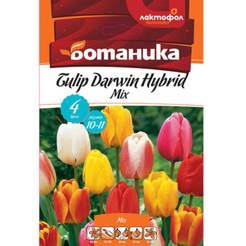Tulip bulbs 4 pcs. Darwin Hybrid Mixed colors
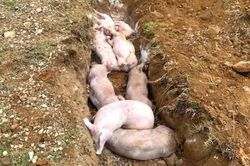 Nghệ An ban h&agrave;nh c&ocirc;ng điện khẩn chỉ đạo, chấn chỉnh c&ocirc;ng t&aacute;c ph&ograve;ng chống bệnh Dịch tả lợn ch&acirc;u Phi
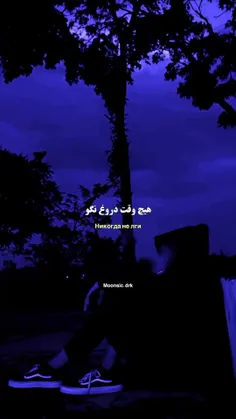 ی فکت:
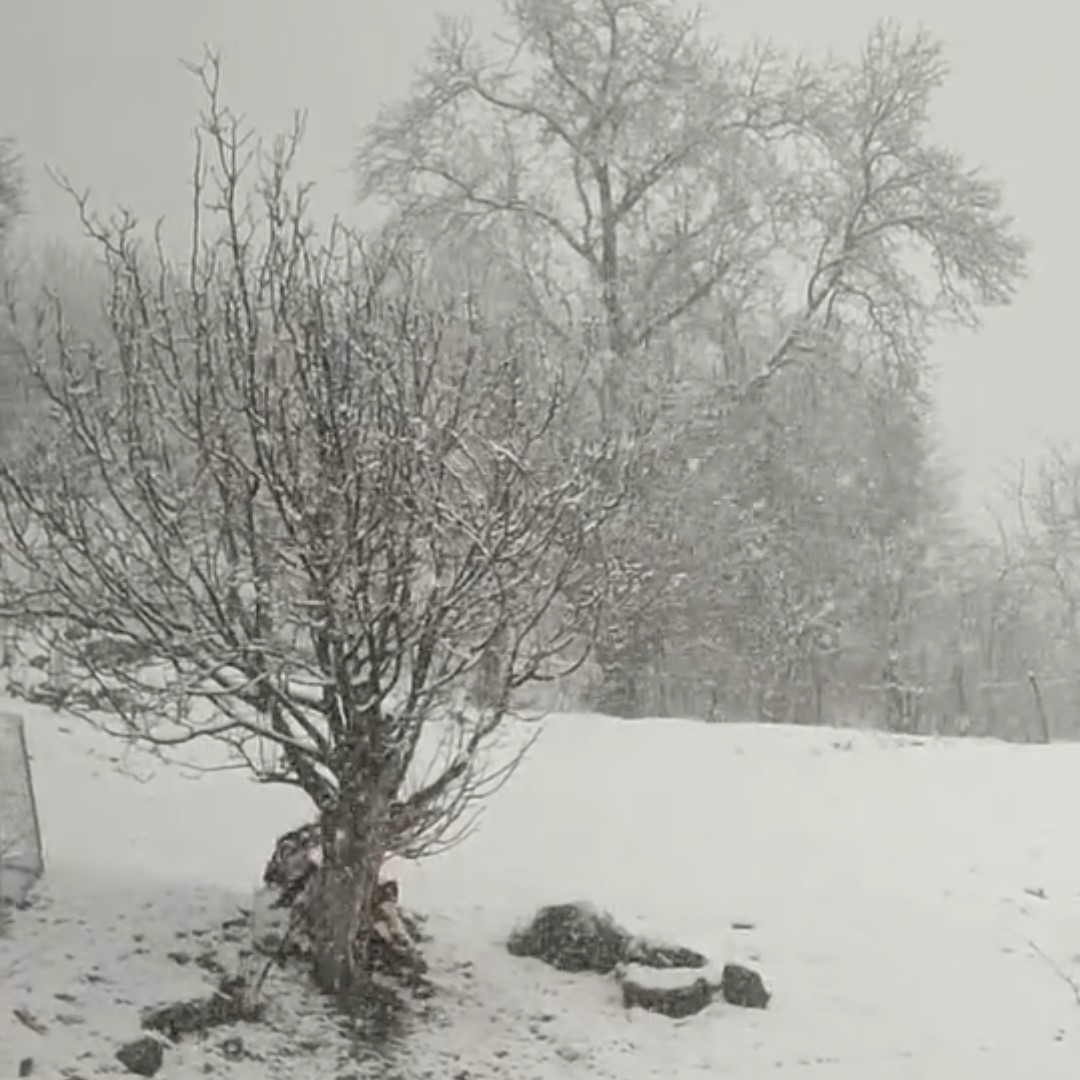 Siirt’te nisan ayında kar sürprizi
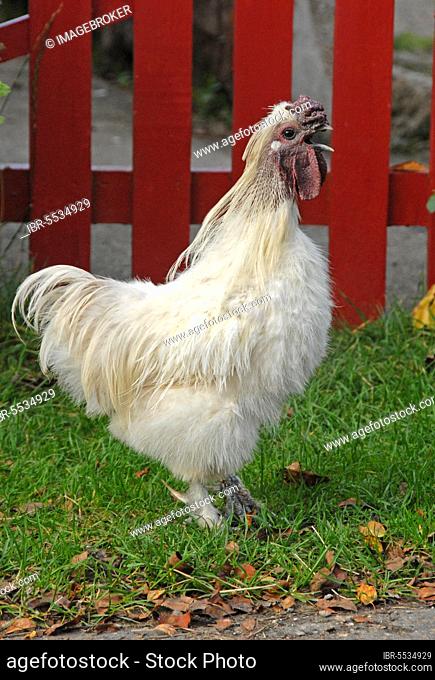 Silkie, silkie chickens, purebred, poultry, domestic fowl, chicken birds, livestock, animals, birds, Domestic Chicken, White Silkie, cockerel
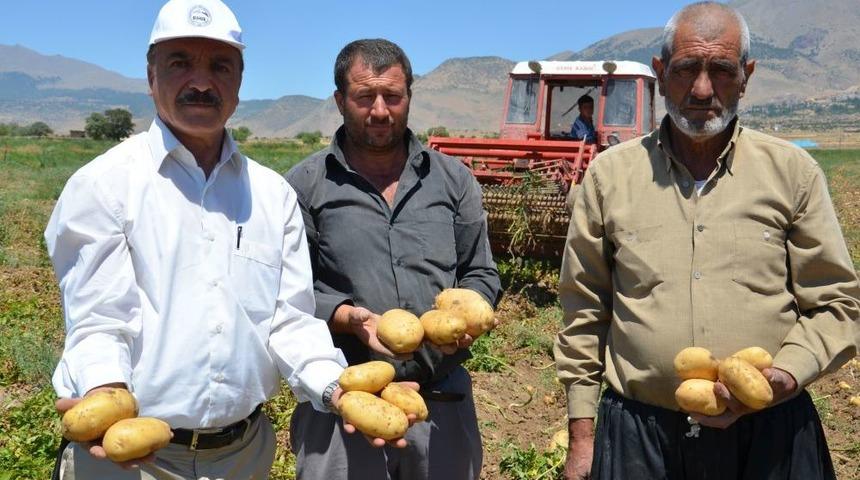 Patates Iş&ccedil;isi: Akaryakıttan &Ouml;TV Kalksın, Mazot Desteği De Verilmesin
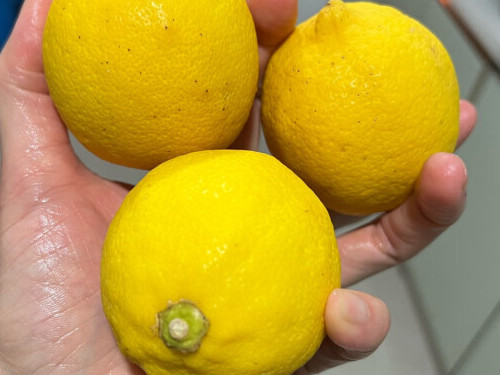 肝不好常吃三种水果，柠檬/葡萄/猕猴桃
* * * * * * *
Exercise instructions:
Retype the records verbatim, excluding each image they hold.

Response to the exercise:
Tulip bulbs 4 pcs. Darwin Hybrid Mixed colors
 Nghệ An ban h&agrave;nh c&ocirc;ng điện khẩn chỉ đạo, chấn chỉnh c&ocirc;ng t&aacute;c ph&ograve;ng chống bệnh Dịch tả lợn ch&acirc;u Phi
 ی فکت:
 Siirt’te nisan ayında kar sürprizi
 Silkie, silkie chickens, purebred, poultry, domestic fowl, chicken birds, livestock, animals, birds, Domestic Chicken, White Silkie, cockerel
 Patates Iş&ccedil;isi: Akaryakıttan &Ouml;TV Kalksın, Mazot Desteği De Verilmesin
 肝不好常吃三种水果，柠檬/葡萄/猕猴桃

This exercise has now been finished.